* [Activity] Leaving out all pictures, return the records word for word.

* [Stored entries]

++++++++

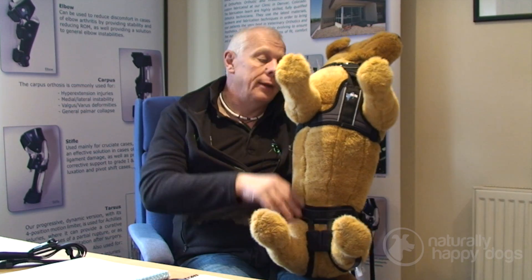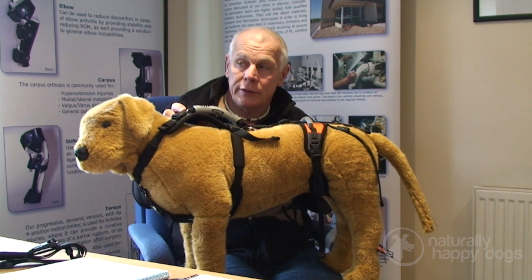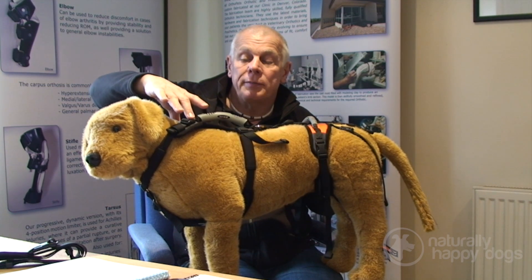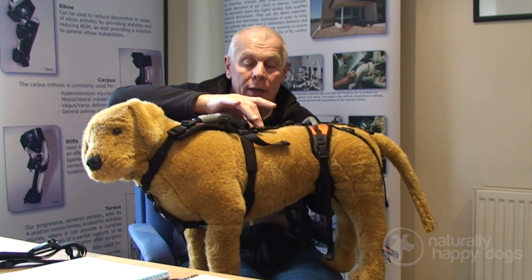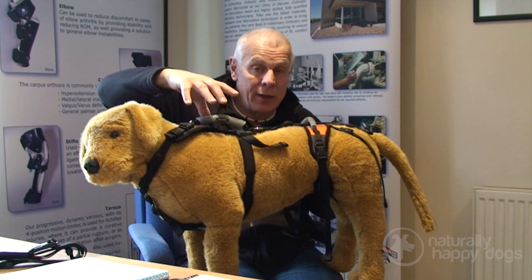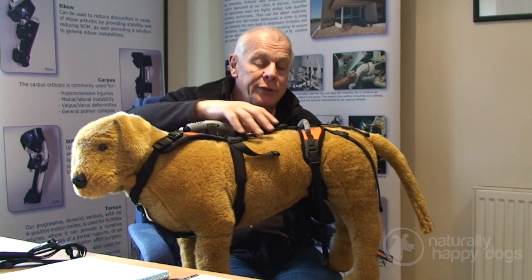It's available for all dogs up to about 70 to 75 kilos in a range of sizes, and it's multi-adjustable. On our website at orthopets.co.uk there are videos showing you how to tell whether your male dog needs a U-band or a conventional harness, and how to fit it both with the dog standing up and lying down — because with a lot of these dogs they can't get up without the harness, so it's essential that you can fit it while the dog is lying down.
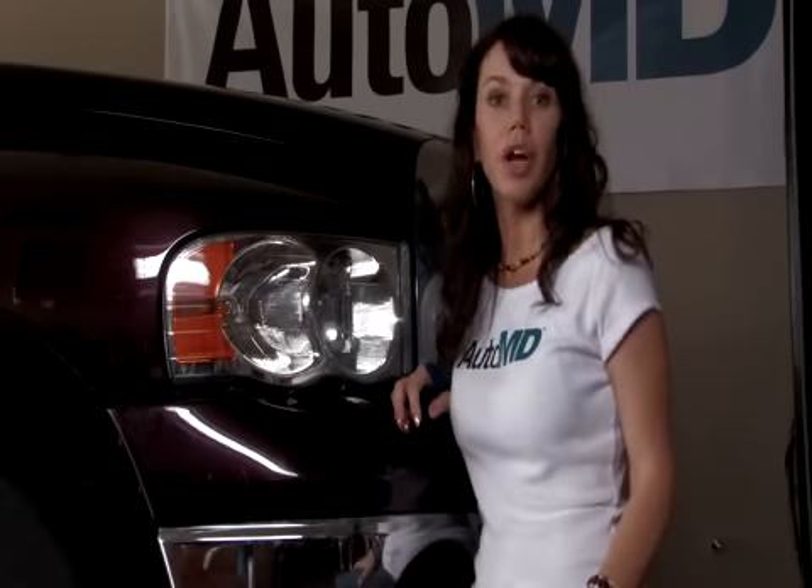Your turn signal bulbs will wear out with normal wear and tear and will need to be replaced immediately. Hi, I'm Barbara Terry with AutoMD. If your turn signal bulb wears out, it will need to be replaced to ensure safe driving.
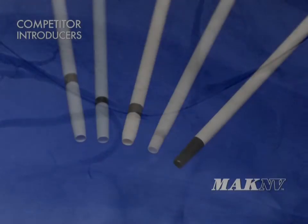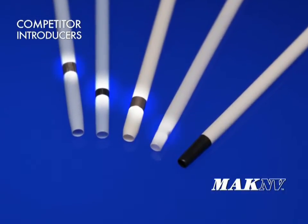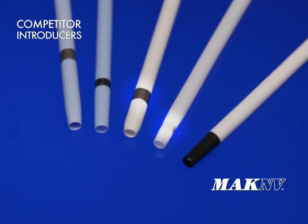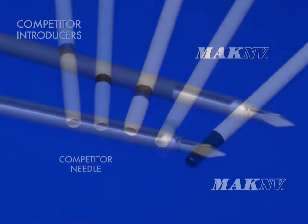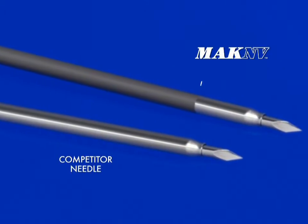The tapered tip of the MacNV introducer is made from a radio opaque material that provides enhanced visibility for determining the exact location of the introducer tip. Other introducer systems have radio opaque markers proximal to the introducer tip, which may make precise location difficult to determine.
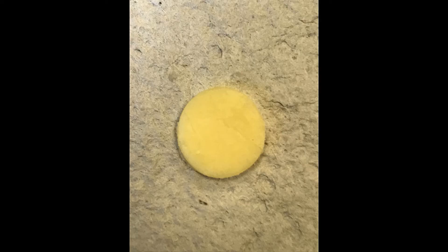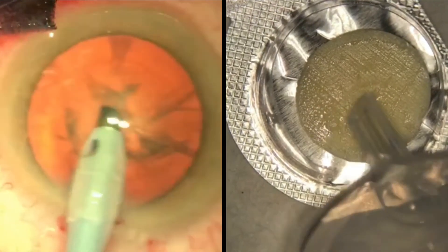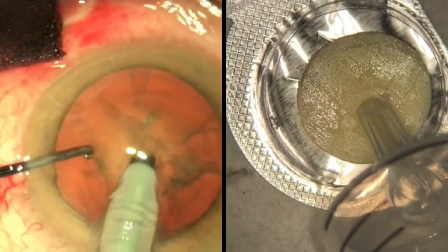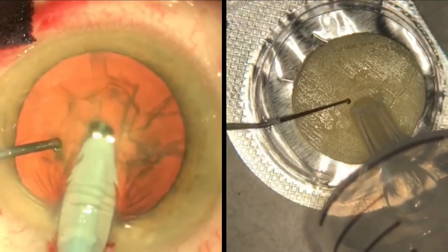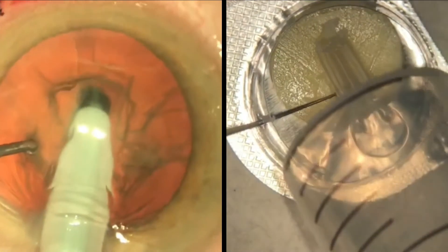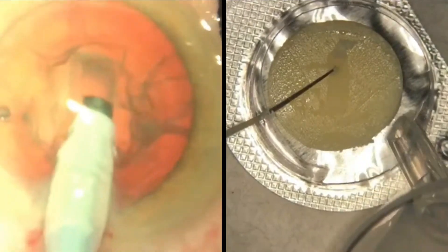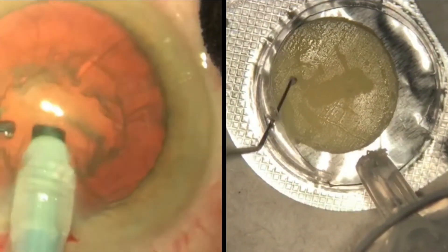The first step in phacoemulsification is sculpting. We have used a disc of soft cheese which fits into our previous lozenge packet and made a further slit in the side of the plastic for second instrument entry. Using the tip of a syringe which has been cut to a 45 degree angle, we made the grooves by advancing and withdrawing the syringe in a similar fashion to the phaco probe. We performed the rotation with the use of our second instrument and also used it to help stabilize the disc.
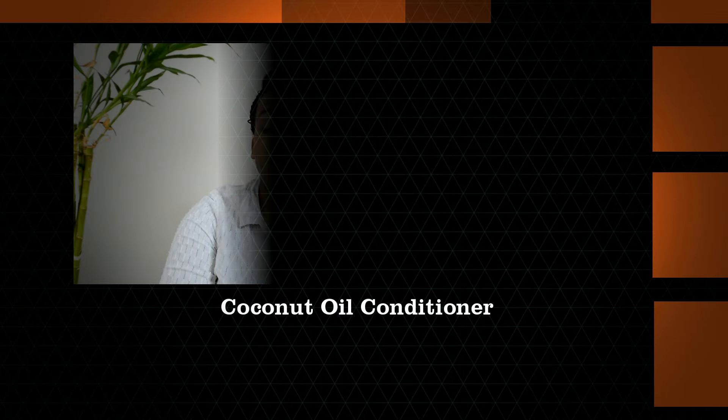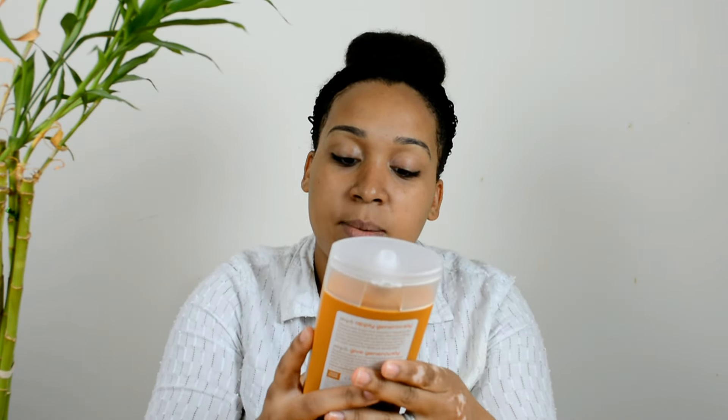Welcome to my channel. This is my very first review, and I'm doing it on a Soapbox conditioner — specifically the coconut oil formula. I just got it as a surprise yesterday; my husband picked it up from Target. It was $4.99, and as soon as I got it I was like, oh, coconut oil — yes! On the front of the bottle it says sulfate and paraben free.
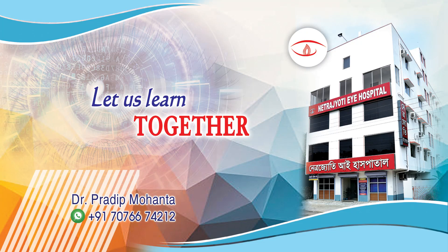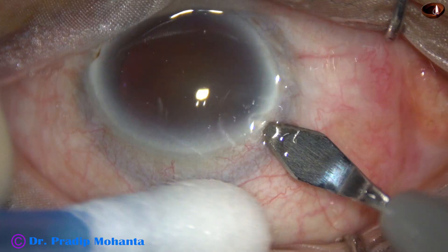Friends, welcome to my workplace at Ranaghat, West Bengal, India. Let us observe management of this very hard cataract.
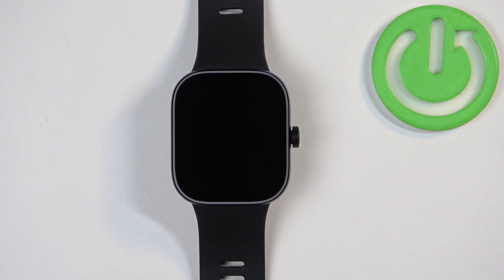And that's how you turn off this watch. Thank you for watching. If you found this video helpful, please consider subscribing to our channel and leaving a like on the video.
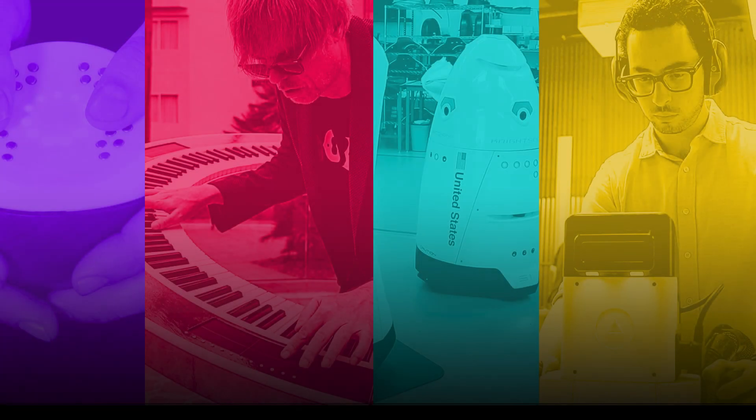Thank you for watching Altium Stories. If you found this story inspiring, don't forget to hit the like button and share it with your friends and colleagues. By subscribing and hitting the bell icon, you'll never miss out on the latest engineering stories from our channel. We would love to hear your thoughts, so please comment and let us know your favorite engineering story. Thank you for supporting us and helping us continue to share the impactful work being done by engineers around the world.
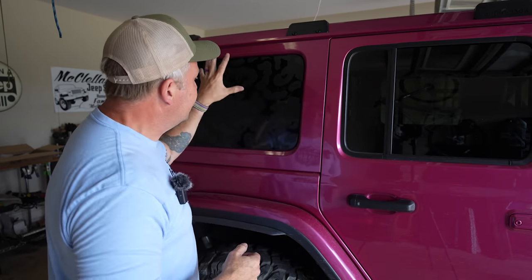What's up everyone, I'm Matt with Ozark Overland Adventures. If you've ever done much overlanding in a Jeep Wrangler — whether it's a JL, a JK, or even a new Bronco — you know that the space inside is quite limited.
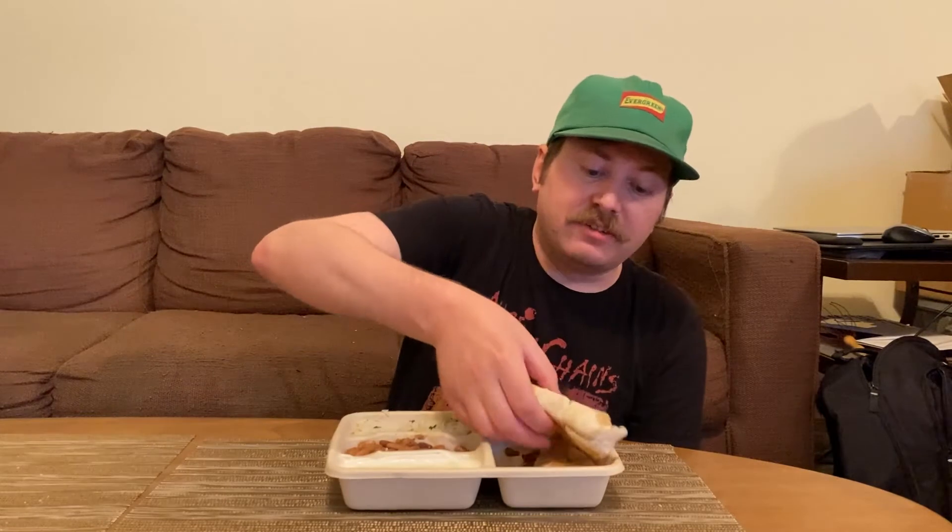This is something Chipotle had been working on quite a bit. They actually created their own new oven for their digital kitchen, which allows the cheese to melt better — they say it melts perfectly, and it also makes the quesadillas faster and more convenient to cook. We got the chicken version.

++++++++

* [Answer box]
It's available for all dogs up to about 70 to 75 kilos in a range of sizes, and it's multi-adjustable. On our website at orthopets.co.uk there are videos showing you how to tell whether your male dog needs a U-band or a conventional harness, and how to fit it both with the dog standing up and lying down — because with a lot of these dogs they can't get up without the harness, so it's essential that you can fit it while the dog is lying down.
Your turn signal bulbs will wear out with normal wear and tear and will need to be replaced immediately. Hi, I'm Barbara Terry with AutoMD. If your turn signal bulb wears out, it will need to be replaced to ensure safe driving.
The tapered tip of the MacNV introducer is made from a radio opaque material that provides enhanced visibility for determining the exact location of the introducer tip. Other introducer systems have radio opaque markers proximal to the introducer tip, which may make precise location difficult to determine.
The first step in phacoemulsification is sculpting. We have used a disc of soft cheese which fits into our previous lozenge packet and made a further slit in the side of the plastic for second instrument entry. Using the tip of a syringe which has been cut to a 45 degree angle, we made the grooves by advancing and withdrawing the syringe in a similar fashion to the phaco probe. We performed the rotation with the use of our second instrument and also used it to help stabilize the disc.
Welcome to my channel. This is my very first review, and I'm doing it on a Soapbox conditioner — specifically the coconut oil formula. I just got it as a surprise yesterday; my husband picked it up from Target. It was $4.99, and as soon as I got it I was like, oh, coconut oil — yes! On the front of the bottle it says sulfate and paraben free.
Friends, welcome to my workplace at Ranaghat, West Bengal, India. Let us observe management of this very hard cataract.
And that's how you turn off this watch. Thank you for watching. If you found this video helpful, please consider subscribing to our channel and leaving a like on the video.
Thank you for watching Altium Stories. If you found this story inspiring, don't forget to hit the like button and share it with your friends and colleagues. By subscribing and hitting the bell icon, you'll never miss out on the latest engineering stories from our channel. We would love to hear your thoughts, so please comment and let us know your favorite engineering story. Thank you for supporting us and helping us continue to share the impactful work being done by engineers around the world.
What's up everyone, I'm Matt with Ozark Overland Adventures. If you've ever done much overlanding in a Jeep Wrangler — whether it's a JL, a JK, or even a new Bronco — you know that the space inside is quite limited.
This is something Chipotle had been working on quite a bit. They actually created their own new oven for their digital kitchen, which allows the cheese to melt better — they say it melts perfectly, and it also makes the quesadillas faster and more convenient to cook. We got the chicken version.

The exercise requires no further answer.